The Temple of Sikhs.
A Mohammedan Mosque.
[Face p. 200.
Owing to these pleasant qualities, so attractive to Englishmen sprung like myself from the public-school, country-house, and villa classes, I have almost invariably found English officers and officials on the side of the Mohammedans where there is any rivalry of race or religion at all. And in Eastern Bengal this national inclination is now encouraged by the Government’s open resolve to retain the Mohammedan support of the Partition by any means in its power. It was against the Hindus only that all the petty persecution of officialdom was directed. It was they who were excluded from Government posts; it was Hindu schools from which Government patronage was withdrawn. When Mohammedans rioted, the punitive police ransacked Hindu houses, and companies of little Gurkhas were quartered on Hindu populations. It was the Hindus who in one place were forbidden to sit on the river bank. Of course, the plea was that only the Hindus were opposed to the Government’s policy of dividing them from the rest of their race, so that they alone needed suppression. And certainly, after what I had seen in the previous four or five years in Macedonia, Central Africa, Russia, and the Caucasus, this kind of persecution might well appear ludicrously small. But it was the beginning of a dangerous road, to which one could not see the end, and the knowledge that our own country was taking that road aggravated the sense of wrong.

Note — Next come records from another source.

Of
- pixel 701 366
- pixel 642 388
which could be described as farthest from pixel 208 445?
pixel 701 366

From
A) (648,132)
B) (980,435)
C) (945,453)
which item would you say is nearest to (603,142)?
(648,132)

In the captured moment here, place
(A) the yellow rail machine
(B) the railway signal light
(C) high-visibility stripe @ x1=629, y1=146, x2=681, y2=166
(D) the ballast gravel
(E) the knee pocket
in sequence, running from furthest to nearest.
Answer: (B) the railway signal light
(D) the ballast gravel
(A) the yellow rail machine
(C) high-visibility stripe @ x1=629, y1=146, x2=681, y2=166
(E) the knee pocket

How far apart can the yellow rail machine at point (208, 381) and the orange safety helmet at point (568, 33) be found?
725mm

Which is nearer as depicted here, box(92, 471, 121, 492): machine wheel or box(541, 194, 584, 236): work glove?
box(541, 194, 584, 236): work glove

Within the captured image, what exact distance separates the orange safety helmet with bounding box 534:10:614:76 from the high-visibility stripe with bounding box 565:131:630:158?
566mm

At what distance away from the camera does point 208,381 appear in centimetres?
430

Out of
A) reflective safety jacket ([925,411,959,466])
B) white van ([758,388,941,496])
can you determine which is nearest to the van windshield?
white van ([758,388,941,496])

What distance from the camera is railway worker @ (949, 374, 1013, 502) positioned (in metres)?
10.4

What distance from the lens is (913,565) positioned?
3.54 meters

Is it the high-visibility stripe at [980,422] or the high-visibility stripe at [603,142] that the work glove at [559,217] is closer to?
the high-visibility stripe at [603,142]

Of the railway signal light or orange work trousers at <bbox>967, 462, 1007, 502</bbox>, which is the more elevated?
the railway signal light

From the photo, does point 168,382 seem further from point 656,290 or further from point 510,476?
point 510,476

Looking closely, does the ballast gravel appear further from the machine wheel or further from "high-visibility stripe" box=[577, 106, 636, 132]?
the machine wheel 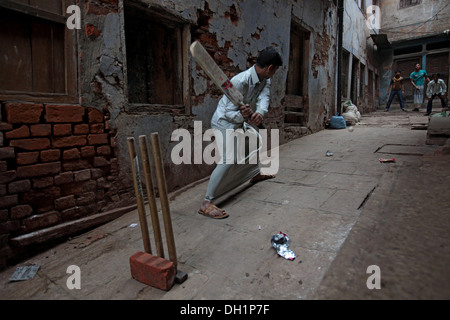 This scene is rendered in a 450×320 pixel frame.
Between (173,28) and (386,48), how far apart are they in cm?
1492

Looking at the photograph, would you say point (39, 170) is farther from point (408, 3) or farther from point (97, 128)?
point (408, 3)

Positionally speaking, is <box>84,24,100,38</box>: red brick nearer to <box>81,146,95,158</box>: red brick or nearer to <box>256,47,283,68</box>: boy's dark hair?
<box>81,146,95,158</box>: red brick

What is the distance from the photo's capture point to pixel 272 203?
100 inches

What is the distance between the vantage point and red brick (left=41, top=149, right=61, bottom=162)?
203cm

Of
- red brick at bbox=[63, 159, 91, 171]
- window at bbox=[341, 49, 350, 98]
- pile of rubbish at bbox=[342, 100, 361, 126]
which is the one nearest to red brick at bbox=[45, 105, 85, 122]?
red brick at bbox=[63, 159, 91, 171]

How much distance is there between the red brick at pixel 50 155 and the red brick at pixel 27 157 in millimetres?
42

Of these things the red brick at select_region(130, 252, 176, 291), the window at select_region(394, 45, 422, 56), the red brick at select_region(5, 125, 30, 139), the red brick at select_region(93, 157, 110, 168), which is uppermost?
the window at select_region(394, 45, 422, 56)

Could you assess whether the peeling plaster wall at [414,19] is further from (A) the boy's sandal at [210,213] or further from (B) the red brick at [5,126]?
(B) the red brick at [5,126]

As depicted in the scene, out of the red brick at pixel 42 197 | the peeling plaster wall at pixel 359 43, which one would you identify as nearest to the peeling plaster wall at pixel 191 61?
the red brick at pixel 42 197

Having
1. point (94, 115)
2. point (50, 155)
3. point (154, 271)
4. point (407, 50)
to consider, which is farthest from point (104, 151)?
point (407, 50)

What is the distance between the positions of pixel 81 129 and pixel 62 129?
0.49ft

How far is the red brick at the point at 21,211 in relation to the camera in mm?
1910
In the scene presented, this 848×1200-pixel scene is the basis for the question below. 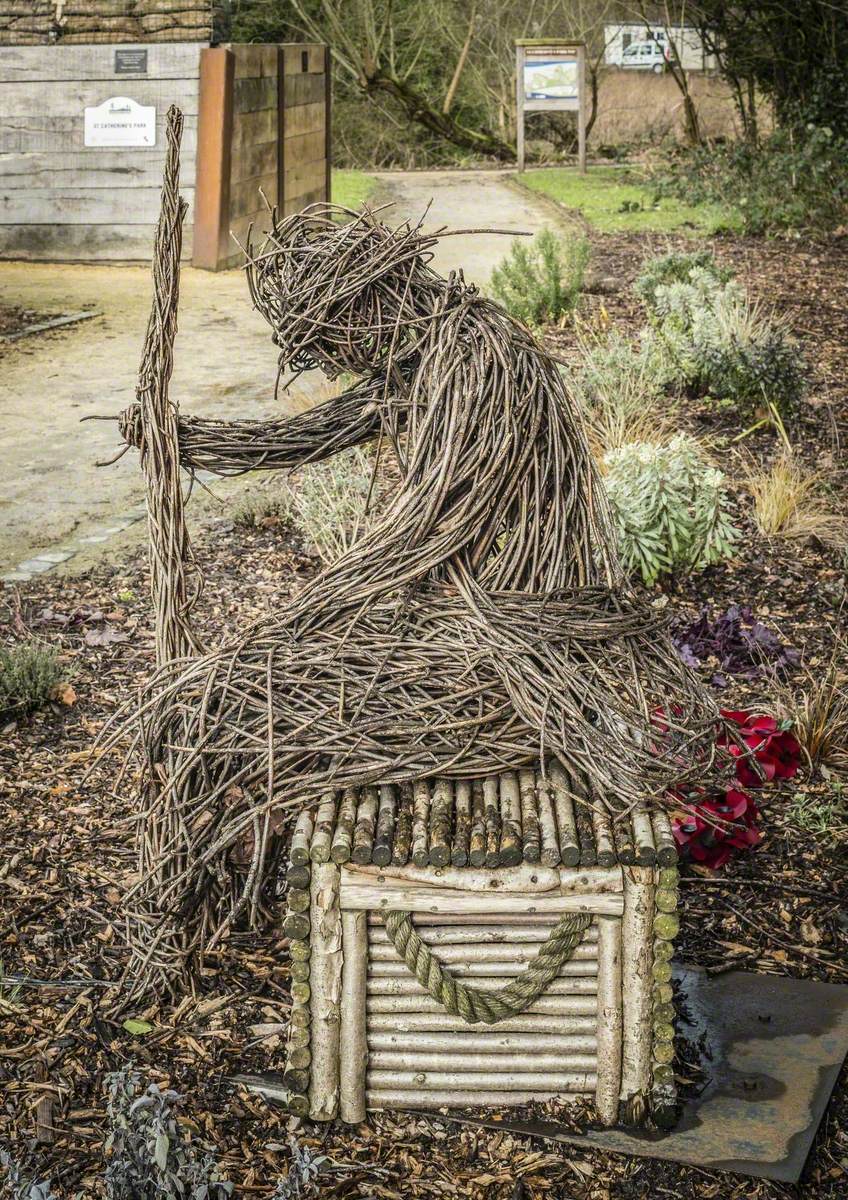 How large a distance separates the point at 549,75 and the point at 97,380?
13985mm

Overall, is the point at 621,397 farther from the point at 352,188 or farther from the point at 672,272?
the point at 352,188

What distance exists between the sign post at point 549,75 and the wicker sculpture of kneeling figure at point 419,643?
1839 cm

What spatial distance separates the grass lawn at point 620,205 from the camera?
1469cm

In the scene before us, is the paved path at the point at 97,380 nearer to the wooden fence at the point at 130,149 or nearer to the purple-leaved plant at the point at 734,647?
the wooden fence at the point at 130,149

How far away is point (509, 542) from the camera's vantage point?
9.80ft

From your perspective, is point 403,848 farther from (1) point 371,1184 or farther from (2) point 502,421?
(2) point 502,421

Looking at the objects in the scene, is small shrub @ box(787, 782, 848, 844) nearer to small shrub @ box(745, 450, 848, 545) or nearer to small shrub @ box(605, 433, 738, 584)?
small shrub @ box(605, 433, 738, 584)

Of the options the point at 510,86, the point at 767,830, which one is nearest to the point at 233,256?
the point at 767,830

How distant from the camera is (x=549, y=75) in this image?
2055cm

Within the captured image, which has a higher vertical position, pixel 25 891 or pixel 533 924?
pixel 533 924

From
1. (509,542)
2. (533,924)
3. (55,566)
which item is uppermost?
(509,542)

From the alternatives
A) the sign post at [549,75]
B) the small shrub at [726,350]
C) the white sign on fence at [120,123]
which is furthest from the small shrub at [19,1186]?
the sign post at [549,75]

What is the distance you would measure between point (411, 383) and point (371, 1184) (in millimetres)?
1649

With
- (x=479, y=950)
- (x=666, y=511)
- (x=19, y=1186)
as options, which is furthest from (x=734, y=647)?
(x=19, y=1186) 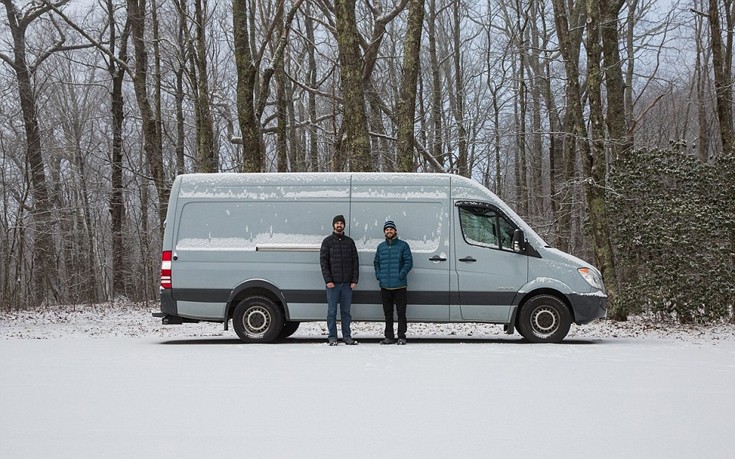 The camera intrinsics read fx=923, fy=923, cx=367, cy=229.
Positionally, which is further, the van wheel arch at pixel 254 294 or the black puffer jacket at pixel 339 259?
the van wheel arch at pixel 254 294

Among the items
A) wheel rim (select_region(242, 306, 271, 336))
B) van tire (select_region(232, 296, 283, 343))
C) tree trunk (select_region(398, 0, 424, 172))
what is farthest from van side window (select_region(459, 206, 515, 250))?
tree trunk (select_region(398, 0, 424, 172))

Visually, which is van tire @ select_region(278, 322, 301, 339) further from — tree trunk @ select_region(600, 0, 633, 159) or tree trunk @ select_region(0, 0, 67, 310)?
tree trunk @ select_region(0, 0, 67, 310)

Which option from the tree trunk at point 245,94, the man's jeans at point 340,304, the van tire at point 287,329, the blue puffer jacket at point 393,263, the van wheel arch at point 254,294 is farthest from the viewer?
the tree trunk at point 245,94

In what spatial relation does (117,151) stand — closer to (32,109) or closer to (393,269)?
(32,109)

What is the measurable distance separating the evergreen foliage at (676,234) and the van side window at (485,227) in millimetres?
3838

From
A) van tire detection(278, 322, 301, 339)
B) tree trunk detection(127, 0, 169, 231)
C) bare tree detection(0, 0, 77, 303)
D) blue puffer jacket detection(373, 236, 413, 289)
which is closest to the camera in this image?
blue puffer jacket detection(373, 236, 413, 289)

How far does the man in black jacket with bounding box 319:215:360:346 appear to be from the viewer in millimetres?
13227

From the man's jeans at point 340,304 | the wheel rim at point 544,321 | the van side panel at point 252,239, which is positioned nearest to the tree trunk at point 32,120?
the van side panel at point 252,239

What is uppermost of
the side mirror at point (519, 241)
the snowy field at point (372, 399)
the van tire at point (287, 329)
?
Result: the side mirror at point (519, 241)

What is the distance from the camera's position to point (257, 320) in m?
13.9

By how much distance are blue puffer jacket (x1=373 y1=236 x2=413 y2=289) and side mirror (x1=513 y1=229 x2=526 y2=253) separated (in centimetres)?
160

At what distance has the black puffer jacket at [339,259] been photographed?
13.2 m

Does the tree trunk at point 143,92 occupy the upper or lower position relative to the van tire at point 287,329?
upper

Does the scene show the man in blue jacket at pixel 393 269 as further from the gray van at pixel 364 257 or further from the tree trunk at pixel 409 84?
the tree trunk at pixel 409 84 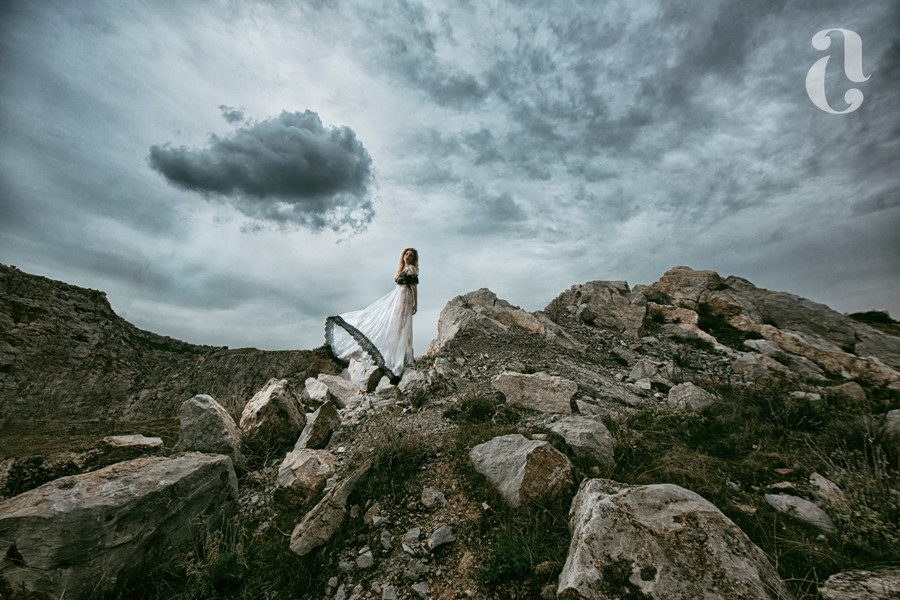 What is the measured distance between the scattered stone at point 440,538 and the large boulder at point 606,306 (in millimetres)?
12175

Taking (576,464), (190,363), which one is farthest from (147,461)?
(190,363)

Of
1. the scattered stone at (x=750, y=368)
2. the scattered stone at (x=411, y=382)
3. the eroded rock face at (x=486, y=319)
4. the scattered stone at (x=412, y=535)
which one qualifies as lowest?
the scattered stone at (x=412, y=535)

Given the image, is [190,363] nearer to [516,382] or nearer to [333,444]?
[333,444]

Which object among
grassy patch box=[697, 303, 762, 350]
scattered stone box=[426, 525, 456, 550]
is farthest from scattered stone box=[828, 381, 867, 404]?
scattered stone box=[426, 525, 456, 550]

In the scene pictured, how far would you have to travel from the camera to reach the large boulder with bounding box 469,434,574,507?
3.88 m

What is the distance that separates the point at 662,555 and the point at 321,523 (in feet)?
11.0

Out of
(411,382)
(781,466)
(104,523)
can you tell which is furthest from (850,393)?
(104,523)

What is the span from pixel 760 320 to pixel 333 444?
17973 mm

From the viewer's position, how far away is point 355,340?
10.2m

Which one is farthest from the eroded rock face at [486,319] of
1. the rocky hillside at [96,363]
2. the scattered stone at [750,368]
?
the scattered stone at [750,368]

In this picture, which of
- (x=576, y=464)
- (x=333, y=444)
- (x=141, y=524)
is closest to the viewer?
(x=141, y=524)

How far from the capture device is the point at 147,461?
4.36 m

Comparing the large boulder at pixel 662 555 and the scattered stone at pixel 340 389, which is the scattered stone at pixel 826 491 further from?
the scattered stone at pixel 340 389

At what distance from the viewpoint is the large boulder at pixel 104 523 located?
10.0 ft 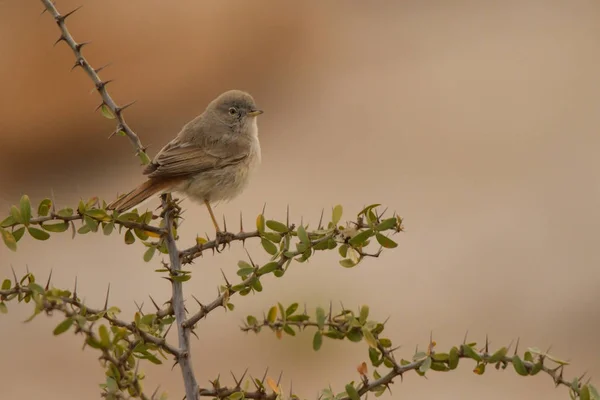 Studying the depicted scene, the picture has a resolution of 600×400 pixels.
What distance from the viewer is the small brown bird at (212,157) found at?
15.9 feet

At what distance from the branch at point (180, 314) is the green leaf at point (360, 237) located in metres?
0.53

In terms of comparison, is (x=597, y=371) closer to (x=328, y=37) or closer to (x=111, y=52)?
(x=111, y=52)

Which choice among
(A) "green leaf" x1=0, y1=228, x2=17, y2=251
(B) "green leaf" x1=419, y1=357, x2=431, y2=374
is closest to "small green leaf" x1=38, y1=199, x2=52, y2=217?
(A) "green leaf" x1=0, y1=228, x2=17, y2=251

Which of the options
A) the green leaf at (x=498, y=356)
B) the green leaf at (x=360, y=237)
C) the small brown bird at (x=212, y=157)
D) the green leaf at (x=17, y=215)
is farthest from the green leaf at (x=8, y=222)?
the small brown bird at (x=212, y=157)

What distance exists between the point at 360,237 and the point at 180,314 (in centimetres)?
63

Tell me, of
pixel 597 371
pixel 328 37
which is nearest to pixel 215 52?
pixel 328 37

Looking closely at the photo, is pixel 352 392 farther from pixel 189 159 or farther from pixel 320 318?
pixel 189 159

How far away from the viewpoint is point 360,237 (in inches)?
102

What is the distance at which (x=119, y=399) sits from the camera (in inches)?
88.0

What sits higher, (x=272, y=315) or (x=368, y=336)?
(x=272, y=315)

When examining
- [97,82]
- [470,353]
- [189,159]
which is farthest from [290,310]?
[189,159]

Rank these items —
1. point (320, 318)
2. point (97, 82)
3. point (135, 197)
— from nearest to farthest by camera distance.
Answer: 1. point (320, 318)
2. point (97, 82)
3. point (135, 197)

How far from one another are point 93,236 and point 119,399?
29.8 ft

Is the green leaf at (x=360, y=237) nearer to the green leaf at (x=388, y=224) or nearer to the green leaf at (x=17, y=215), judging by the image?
the green leaf at (x=388, y=224) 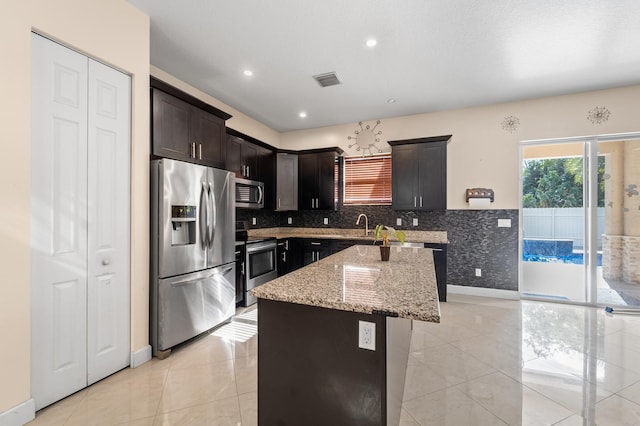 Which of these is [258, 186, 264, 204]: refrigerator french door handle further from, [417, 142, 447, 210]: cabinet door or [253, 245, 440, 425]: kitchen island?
[253, 245, 440, 425]: kitchen island

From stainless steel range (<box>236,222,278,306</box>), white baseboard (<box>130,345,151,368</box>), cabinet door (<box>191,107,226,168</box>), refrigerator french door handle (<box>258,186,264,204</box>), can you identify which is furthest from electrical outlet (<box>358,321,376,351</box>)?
refrigerator french door handle (<box>258,186,264,204</box>)

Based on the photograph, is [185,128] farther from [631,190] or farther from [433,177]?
[631,190]

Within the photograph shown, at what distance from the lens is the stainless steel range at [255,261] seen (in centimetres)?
386

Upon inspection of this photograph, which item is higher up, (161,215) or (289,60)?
(289,60)

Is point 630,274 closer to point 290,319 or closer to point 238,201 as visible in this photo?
point 290,319

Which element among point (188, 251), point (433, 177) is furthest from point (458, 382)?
point (433, 177)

It was the same with espionage. Personally I enjoyed being followed by spies wherever I went. I enjoyed it much more than the spies themselves. It was a pleasure to watch the open-hearted stupidity which never left me in doubt as to their purpose, or to look them tranquilly in the face and see their eyes drop in honourable shame. It was a joyful moment when at Serajganj I turned in wrath upon a man who had been following me all day long in the melodramatic disguise of a black shawl and an umbrella, and watched the poor hired worm grovel away, murmuring tearful appeals about superior orders. In that case I was angry because I was visiting the schools—the same over which Sir Bampfylde Fuller resigned—and it seemed to me unfit that the schoolboys should see our Government’s habit of espionage thus illustrated before their faces. But at another place where I arrived in the cold of half-past three in the morning, and found that the telegram to prepare for my arrival had been detained, there was no alloy in the pleasure with which I seized upon the spy detailed to dog me, and compelled him to procure a cart, conduct me to the house where he knew I ought to have been expected, and knock up the sleeping servants to receive me.
When I first landed in Bombay, it appeared to me a little undignified that representatives of the British Government should set police spies to question a Member of Parliament’s chauffeur every morning and evening where he was going or had been, and with whom he had conversed. Of course it made no difference to the Member of Parliament, any more than the delightful spies in Eastern Bengal made any difference to me. But what was a joke to us may be anything but a joke to native Indians who are compelled to live permanently under a system of official surveillance which reads their private letters, detains their telegrams, and hires men to watch their actions. Far worse than the mere annoyance involved is the indignant contempt which our Government thus stores up against itself. Every now and then by such means it may discover the trail of some seditious movement. But the discovery of all the sedition in India would not be worth the loss of reputation to which we expose ourselves by resorting to methods that would exclude a man from any club in our country.